Naseem Hamed vs. Manuel Calvo, billed as The Fresh Prince, was a professional boxing match contested on 18 May 2002, for the vacant IBO featherweight championship. It was Hamed's last fight, and was watched by eleven million viewers in the United Kingdom.

==Background==
Naseem Hamed had lost his previous fight to Marco Antonio Barrera, giving him first defeat in his professional career and ending his over five year reign as featherweight champion. As per the contract that was signed, Hamed had the option of facing Barrera in an immediate rematch and though he had expressed interest in his post-fight interview, he ultimately decided against it. Hamed eventually announced his intentions to face European featherweight champion Manuel Calvo, who was coming off arguably his biggest victory over former WBO featherweight champion Steve Robinson.
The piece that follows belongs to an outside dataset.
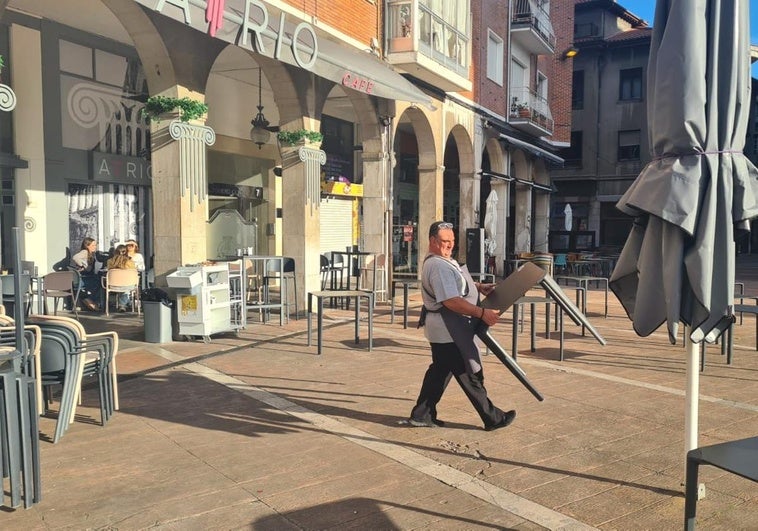 José, de la cafetería Atrio, coloca las mesas de su terraza en la plaza Baldomero Iglesias, para recobrar la normalidad tras el apagón de ayer.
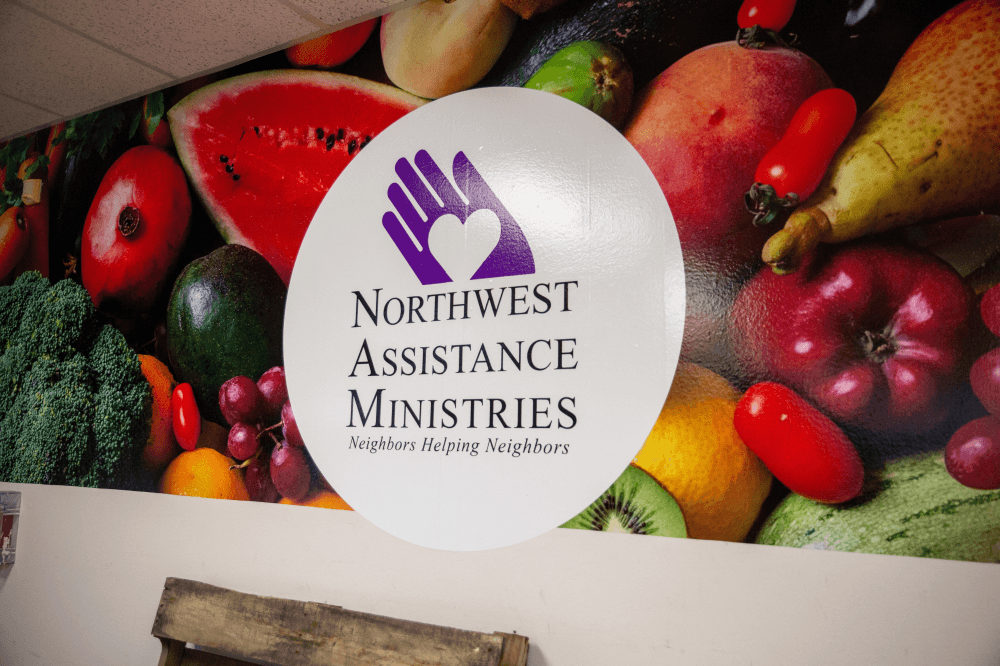 NAM logo painted on a wall with fruit on it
However as Calvo was an unknown fighter in the United States, HBO, with whom Hamed had an exclusive contract allowing them to air his fights in the US, objected to Hamed's choice of opponent. Rather than relent as he had the previous year when HBO objected to a proposed Hamed–István Kovács bout, Hamed opted to sever ties with HBO. The fight was also met with several delays. Prior to their separation, HBO offered Hamed a fight to take place on September 8, 2001, but Hamed declined, opting to face Calvo on November 10, 2001 instead. However Hamed postponed the fight as a result of the September 11 attacks. The fight was next rescheduled for March 23, 2002, but a back injury suffered by Hamed during training caused the fight to be postponed again. The fight was then finally set for May 18, 2002.

==The fight==
Coming off a 13-month hiatus, Hamed looked sluggish and disinterested throughout the fight, abandoning his usual aggressiveness for a slow, tactical approach. Though Hamed clearly outboxed Calvo, many of the 10,000 fans who attended the fight booed throughout. The fight went the full 12 rounds, with Hamed winning by lopsided scores on all three of the judges' scorecards. Two judges had Hamed winning 119–109, each giving Calvo only a single round, while the third had Hamed winning with a score of 120–110.

==Aftermath==
Hamed blamed his lackluster performance on a hand injury he sustained in the second round.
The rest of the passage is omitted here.